Provided entries START

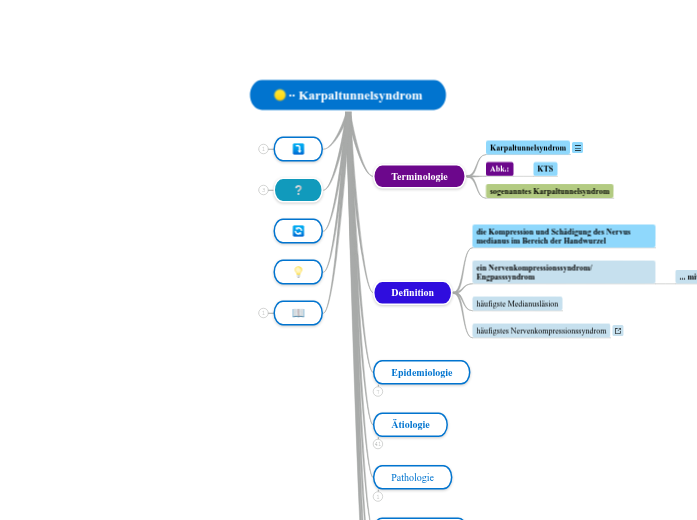 ∙∙ Karpaltunnelsyndrom - Mindmap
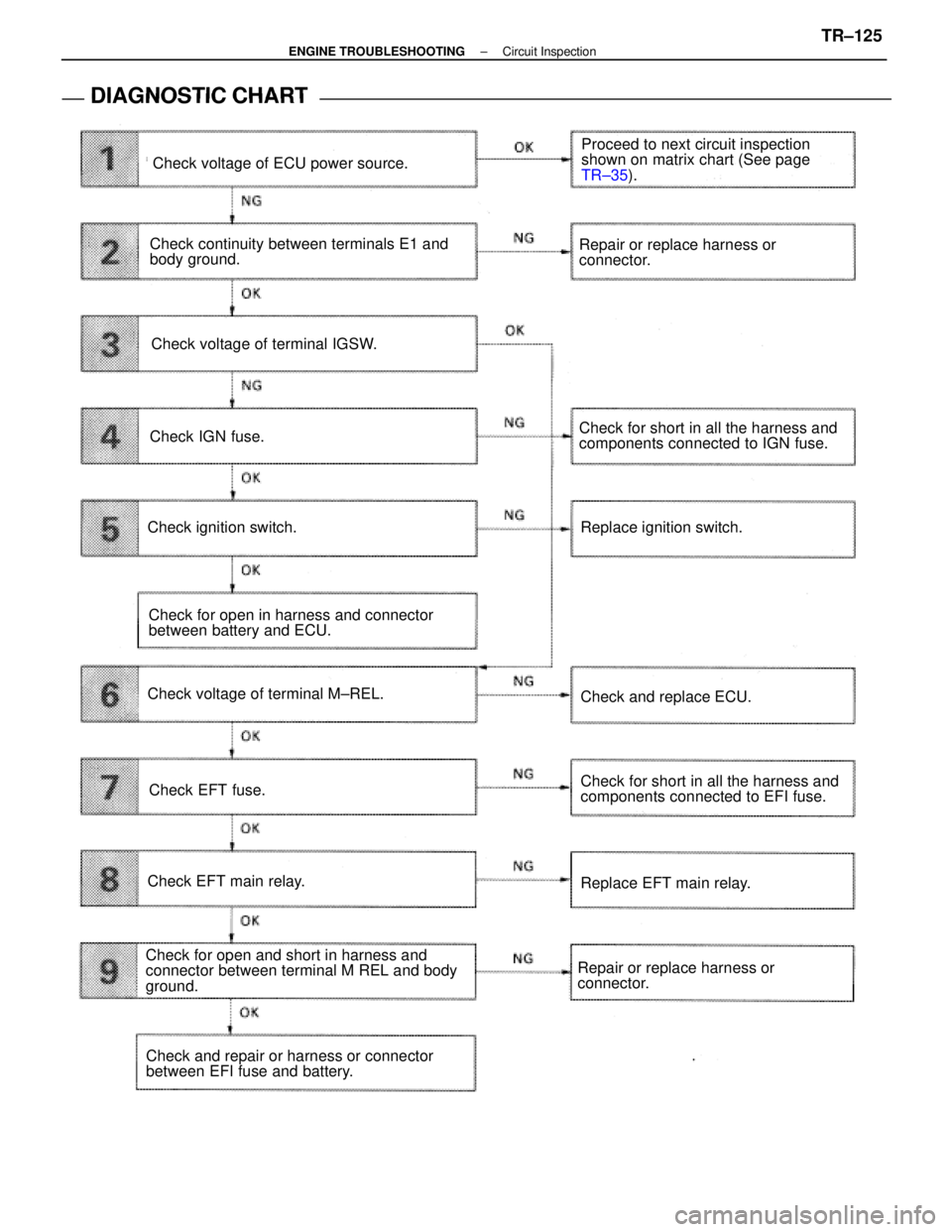 LEXUS SC400 1991  Service Repair Manual 
DIAGNOSTIC CHART
DIAGNOSTIC
 CHART
Check for short in all the harness and
components connected to IGN fuse.
Check voltage of terminal M±REL.
Check for open in harness and connector
between battery a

Provided entries END

*Task directions:*
Set down word for word, from the line that contains "LEXUS SC400 1991" to the end of the listing above, every line and no picture.

*Your solution:*
 LEXUS SC400 1991  Service Repair Manual 
DIAGNOSTIC CHART
DIAGNOSTIC
 CHART
Check for short in all the harness and
components connected to IGN fuse.
Check voltage of terminal M±REL.
Check for open in harness and connector
between battery a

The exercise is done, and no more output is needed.